Esmee is a prodigy. An artistic genius. A savant. Last week we found three faces drawn on the wall. We blamed Kicky who swore they were not hers. Initially we didn't believe her, and then P reasoned that the faces were likely simply a happy accident of (thankfully) washable marker. But then yesterday, while Kicky and Esmee were in the kitchen drawing, Kicky screamed out, "Esmee's drawing on the table!" What I found was a face. And body. With arms. Legs. Hair. Buttons. Scrawled all over the kitchen table. Still leary of Kicky's truthfulness, I got out a big pad of paper this morning and asked Esmee to draw a face. Here's the crazy part: she proceeded to draw a whole series of faces. Eyes. Noses. Hair. Smiles. I brought one of them to her preschool where I consulted with some of the teachers who were amazed. She just turned two in January. She hardly speaks. And yet, this, this genius!! I wonder when the galleries are going to start contacting us. Really. Goddang, I wish I could put up picture!!

Get back to work, you say? Start a new book, you say? I know, I know. WAY too much time on my hands...

Tuesday, May 16, 2006

swell

I am reading Sophie's Choice for the first time, fascinated by Styron's narrative gymnastics. It's truly a writerly book. The rain has abated (at least for the moment), and I have been sitting outside with that massive tome waiting for my hair (badly in need of a cut) to dry.

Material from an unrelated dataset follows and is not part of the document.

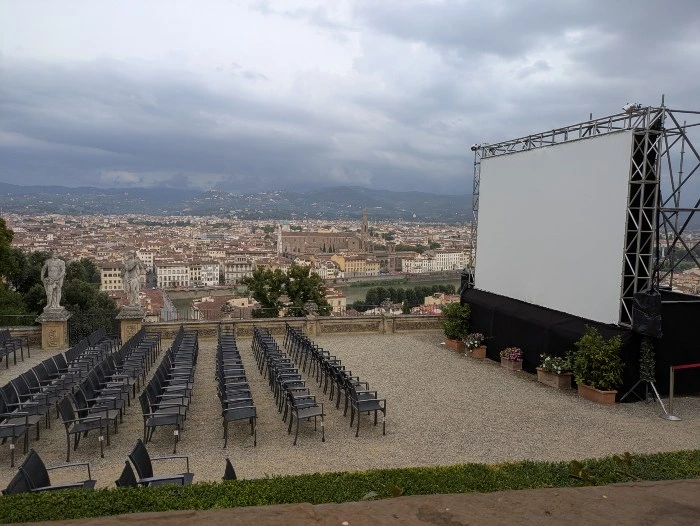 L'arena cinematografica a Villa Bardini, Firenze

Last night was the GW English department's get-together to celebrate the changing of th guard (the old chair stepping down after eight years). It was terrific. I hung out with C.S., the youngest of us all, a poet, with terrific hair cut, and...as always...felt a tremendous sense of unhipness. The shoes that woman has. They're like little miracles on her feet. Last night's pair were gold with heels that actually looked like some sort of post-modern sculpture. I kept my feet tucked under my seat the whole night. Enjoyed the meatballs and baked brie. Almost cried during the farewell speech the department secretary gave.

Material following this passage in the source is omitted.